Someone hasn't heard of the 'The right to be forgotten'
Bonsai's reply to Volokh's motion was certainly an enjoyable read. It opens with:
"Bonsai's Amended and Superseding Motion to Restrict seeks Level 1 restrictions of very little material - only three documents and direct references to those documents. The parties to this case have not objected to the limited restrictions, but a law professor with a blog "is interested in this case" and has filed objection. Prof. Volokh has not provided any substantive reason for his interest, and it appears he has none. Rather, he is using this case as an example, trying to access confidential business records merely for the sake of it and to provide his students with a fun learning experience. Bonsai, however, provides a livelihood to approximately 20 employees, and harm to its competitive interests directly threatens its ability to maintain its business." [internal citations omitted].
I am somewhat sympathetic to the argument that Bonsai presents in light of the posts that Volokh ends-up writing here on cases like this. It appears that he is less interested in writing about the case per se, and more about writing about his involvement in the case in trying to prevent the sealing of documents. The contents of the documents themselves are not of interest to him, rather the interest is in the dispute over their sealing. A more forthright motion objecting to sealing documents might admit that the interest is not in the documents per se, but in the dispute over their being sealed, a dispute that arises because of the filing of the objection (which the filer intends to then write about). In other words, injecting himself into the case (and providing that teaching experience to law students) and then writing about his participation, the teaching experience, and a constitutional issue. Meanwhile, there are actual parties that have been litigating the case for close a year, and will continue to litigate it after Volokh has moved on his next case (i.e., blog post material and teaching experience).

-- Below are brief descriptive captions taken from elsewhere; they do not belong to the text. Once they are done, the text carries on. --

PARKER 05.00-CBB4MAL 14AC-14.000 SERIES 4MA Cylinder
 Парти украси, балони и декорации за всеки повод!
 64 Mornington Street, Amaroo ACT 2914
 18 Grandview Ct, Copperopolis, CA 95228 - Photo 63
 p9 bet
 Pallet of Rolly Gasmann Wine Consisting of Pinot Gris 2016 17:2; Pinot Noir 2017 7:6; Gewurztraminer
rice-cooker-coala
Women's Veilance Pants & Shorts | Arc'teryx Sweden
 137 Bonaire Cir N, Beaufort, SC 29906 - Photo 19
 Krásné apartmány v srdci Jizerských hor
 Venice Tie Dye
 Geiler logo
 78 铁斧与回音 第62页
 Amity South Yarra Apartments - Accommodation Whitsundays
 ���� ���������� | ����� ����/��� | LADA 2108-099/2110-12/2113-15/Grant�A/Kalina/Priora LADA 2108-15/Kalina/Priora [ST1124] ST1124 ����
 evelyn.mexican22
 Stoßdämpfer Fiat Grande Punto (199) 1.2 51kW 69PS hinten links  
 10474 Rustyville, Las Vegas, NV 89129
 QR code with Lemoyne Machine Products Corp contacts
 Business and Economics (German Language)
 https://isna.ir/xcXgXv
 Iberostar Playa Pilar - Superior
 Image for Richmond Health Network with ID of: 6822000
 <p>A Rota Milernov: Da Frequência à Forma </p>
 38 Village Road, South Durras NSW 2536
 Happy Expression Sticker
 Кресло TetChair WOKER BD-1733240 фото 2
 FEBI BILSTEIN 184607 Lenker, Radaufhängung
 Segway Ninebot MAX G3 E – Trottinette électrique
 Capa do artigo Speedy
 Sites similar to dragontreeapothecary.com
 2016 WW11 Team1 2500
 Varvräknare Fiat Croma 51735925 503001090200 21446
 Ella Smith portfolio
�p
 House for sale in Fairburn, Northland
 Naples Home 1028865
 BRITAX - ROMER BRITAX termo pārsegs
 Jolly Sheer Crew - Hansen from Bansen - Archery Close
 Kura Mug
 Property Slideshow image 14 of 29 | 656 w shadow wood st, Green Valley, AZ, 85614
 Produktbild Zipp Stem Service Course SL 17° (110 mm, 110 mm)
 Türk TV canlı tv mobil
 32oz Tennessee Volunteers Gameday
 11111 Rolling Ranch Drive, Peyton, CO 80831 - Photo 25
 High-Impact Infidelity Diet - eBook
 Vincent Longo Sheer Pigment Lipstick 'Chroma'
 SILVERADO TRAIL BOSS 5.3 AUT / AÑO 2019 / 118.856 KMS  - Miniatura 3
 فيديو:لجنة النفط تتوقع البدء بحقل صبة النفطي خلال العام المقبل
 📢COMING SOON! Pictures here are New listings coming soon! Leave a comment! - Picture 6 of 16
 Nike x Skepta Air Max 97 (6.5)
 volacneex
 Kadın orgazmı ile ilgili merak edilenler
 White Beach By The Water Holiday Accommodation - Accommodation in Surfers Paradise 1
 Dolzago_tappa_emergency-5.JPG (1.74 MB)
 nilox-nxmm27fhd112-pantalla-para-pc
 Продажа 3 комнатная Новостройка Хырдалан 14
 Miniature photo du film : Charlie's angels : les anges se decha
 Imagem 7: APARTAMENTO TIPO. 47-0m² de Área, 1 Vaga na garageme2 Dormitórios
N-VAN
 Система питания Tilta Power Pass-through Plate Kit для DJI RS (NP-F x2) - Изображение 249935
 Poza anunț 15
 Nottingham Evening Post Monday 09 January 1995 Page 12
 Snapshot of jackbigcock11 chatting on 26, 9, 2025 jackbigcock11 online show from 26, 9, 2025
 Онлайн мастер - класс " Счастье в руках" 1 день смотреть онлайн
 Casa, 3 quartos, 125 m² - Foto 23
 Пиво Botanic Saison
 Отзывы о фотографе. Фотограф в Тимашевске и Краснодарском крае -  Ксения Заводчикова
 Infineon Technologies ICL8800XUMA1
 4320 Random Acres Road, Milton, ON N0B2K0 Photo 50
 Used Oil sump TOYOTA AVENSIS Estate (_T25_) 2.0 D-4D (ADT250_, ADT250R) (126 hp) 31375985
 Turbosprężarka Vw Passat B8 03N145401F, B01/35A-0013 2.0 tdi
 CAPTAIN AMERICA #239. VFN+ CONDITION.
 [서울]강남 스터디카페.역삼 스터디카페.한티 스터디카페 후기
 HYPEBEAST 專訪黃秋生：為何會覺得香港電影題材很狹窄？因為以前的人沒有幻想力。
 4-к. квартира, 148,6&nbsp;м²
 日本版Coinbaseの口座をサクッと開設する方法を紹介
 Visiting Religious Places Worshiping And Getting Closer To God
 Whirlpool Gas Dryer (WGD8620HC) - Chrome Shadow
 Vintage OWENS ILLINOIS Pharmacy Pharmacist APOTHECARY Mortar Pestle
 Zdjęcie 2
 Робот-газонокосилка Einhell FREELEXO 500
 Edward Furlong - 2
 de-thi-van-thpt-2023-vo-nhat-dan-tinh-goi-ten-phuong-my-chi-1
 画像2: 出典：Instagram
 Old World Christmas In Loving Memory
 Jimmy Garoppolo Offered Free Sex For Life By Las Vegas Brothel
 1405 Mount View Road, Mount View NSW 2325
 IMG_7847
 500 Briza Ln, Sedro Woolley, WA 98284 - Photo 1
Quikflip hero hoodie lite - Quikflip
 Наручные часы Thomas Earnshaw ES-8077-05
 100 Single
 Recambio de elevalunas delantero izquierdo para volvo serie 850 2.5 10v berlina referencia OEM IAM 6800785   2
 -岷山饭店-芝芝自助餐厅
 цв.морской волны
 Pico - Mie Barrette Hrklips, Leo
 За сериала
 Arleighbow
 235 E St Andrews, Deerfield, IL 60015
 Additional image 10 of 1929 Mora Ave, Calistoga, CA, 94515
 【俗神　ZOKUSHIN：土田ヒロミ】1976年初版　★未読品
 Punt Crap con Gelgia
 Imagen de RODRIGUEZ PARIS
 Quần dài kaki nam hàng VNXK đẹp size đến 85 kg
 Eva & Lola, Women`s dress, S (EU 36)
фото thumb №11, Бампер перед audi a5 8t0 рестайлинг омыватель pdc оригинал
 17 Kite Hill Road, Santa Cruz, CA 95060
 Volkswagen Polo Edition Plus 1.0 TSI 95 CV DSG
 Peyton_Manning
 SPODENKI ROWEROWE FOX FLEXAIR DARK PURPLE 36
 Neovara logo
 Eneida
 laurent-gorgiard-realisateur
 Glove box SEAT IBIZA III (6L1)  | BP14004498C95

I can see why, from the litigant's perspective, that would be kind of obnoxious.
"It appears that he is less interested in writing about the case per se, and more about writing about his involvement in the case in trying to prevent the sealing of documents."
There wouldn't be a "case" if Bonsai didn't request to seal the documents; THEY were trying to gain more protection than the law allows.
If they had simply let the case run to a normal conclusion it would not have been on Prof. Volokh's radar.
RE: "Once the Cat Is Out of the Bag, the Ball Game Is Over"
PG Wodehouse: "Spilt milk blows no one any good, and it is useless to dwell on it."